Stored data:
━━━

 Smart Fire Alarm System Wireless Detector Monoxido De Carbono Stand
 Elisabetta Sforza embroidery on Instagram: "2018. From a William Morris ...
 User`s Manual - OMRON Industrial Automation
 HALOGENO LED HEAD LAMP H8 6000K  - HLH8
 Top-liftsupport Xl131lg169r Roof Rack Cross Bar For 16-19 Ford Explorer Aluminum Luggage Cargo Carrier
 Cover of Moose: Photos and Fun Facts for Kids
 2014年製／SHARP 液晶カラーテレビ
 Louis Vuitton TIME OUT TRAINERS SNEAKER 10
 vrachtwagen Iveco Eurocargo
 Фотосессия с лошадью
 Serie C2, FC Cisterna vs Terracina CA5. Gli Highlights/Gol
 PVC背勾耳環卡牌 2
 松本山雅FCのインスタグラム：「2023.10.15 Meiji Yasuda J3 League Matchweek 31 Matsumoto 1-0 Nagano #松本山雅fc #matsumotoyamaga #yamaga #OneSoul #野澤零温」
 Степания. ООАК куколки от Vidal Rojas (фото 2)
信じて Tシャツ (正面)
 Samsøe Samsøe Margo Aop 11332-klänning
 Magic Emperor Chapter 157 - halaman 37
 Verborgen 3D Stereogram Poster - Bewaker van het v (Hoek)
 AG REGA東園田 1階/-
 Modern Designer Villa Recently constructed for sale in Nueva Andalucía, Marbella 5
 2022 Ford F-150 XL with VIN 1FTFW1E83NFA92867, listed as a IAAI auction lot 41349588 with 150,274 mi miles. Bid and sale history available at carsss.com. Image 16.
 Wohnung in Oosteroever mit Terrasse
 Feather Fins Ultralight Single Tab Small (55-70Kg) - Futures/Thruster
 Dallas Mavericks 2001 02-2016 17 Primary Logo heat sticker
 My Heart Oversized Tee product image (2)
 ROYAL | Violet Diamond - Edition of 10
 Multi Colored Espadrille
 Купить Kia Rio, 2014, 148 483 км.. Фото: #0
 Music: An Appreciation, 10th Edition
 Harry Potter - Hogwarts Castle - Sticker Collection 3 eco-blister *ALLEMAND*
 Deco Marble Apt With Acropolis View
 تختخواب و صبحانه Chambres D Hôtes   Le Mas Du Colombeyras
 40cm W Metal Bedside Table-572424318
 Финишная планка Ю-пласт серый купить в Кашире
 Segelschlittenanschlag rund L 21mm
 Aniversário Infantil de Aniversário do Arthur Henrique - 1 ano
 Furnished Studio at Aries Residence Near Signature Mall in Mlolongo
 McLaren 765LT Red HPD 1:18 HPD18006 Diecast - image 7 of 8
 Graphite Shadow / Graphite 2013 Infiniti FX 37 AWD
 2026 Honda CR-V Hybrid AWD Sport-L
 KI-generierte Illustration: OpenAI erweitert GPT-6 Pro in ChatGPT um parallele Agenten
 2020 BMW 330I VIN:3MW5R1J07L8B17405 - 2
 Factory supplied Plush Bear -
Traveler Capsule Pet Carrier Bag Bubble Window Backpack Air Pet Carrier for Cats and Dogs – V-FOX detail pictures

━━━

[WHAT YOU SHOULD DO]: Reproduce exactly the lines above from the line with "vrachtwagen Iveco Eurocargo" to the line with "Deco Marble Apt With Acropolis View", including both, and add nothing.

[WRITTEN RESPONSE]:
 vrachtwagen Iveco Eurocargo
 Фотосессия с лошадью
 Serie C2, FC Cisterna vs Terracina CA5. Gli Highlights/Gol
 PVC背勾耳環卡牌 2
 松本山雅FCのインスタグラム：「2023.10.15 Meiji Yasuda J3 League Matchweek 31 Matsumoto 1-0 Nagano #松本山雅fc #matsumotoyamaga #yamaga #OneSoul #野澤零温」
 Степания. ООАК куколки от Vidal Rojas (фото 2)
信じて Tシャツ (正面)
 Samsøe Samsøe Margo Aop 11332-klänning
 Magic Emperor Chapter 157 - halaman 37
 Verborgen 3D Stereogram Poster - Bewaker van het v (Hoek)
 AG REGA東園田 1階/-
 Modern Designer Villa Recently constructed for sale in Nueva Andalucía, Marbella 5
 2022 Ford F-150 XL with VIN 1FTFW1E83NFA92867, listed as a IAAI auction lot 41349588 with 150,274 mi miles. Bid and sale history available at carsss.com. Image 16.
 Wohnung in Oosteroever mit Terrasse
 Feather Fins Ultralight Single Tab Small (55-70Kg) - Futures/Thruster
 Dallas Mavericks 2001 02-2016 17 Primary Logo heat sticker
 My Heart Oversized Tee product image (2)
 ROYAL | Violet Diamond - Edition of 10
 Multi Colored Espadrille
 Купить Kia Rio, 2014, 148 483 км.. Фото: #0
 Music: An Appreciation, 10th Edition
 Harry Potter - Hogwarts Castle - Sticker Collection 3 eco-blister *ALLEMAND*
 Deco Marble Apt With Acropolis View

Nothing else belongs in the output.